Chapitre 5/1204%~11 min de lecture2 151 mots

« Pardon d'être en retard ! »

C'est par ces mots, la tête baissée, que Calcedonia s'excusa en entrant dans le salon où Tatsumi et Giuseppe l'attendaient.

« Qu'est-ce qui t'a tant retardée ? Mon gendre commençait à s'impatienter. »

D'un rire doux, Giuseppe taquina sa petite-fille.

« Ah ! N-non, c'est parce que la conversation de Giuseppe-san était si captivante, et ce n'est pas comme si j'avais trouvé le temps long ou quoi que ce soit... »

« V-vraiment ? Ouf, tant mieux. »

Posant une main sur sa généreuse poitrine, Calcedonia poussa un soupir de soulagement.

En observant l'échange entre les deux jeunes gens, Giuseppe laissa échapper un rire bienveillant, puis invita sa petite-fille à s'asseoir à ses côtés.

« Eh bien, maintenant que Calsey est là, expliquons tout depuis le début. »

À ces mots, Tatsumi se redressa, attentif.

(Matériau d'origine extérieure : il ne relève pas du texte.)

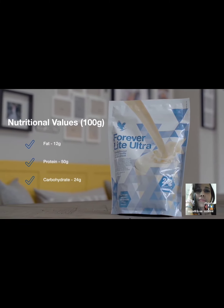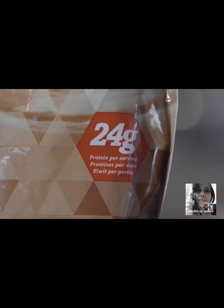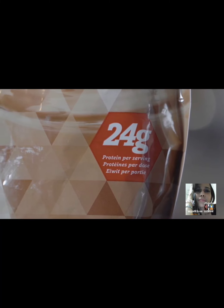Zinc, copper, manganese, selenium and iodine. It contains 24 grams of protein when mixed with 300 mils of skimmed milk.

Il ne doutait plus d'être dans un autre monde ; la vraie question était de savoir pourquoi il avait été invoqué ici.

Cela n'aurait rien à voir avec une demande de devenir héros pour sauver le monde du Roi Démon, par hasard ? Songea-t-il au fond de lui, en attendant les explications de Giuseppe.

« Tout d'abord, bienvenue dans le royaume de Largofiely, mon gendre. Ma petite-fille Calsey et moi sommes ravis de t'avoir ici, du fond du cœur. »

« Ah, euh, merci... ? »

Tatsumi, ne sachant comment répondre, finit par les remercier poliment. Trouvant sa réplique embarrassée amusante, Giuseppe et Calcedonia rièrent doucement ensemble.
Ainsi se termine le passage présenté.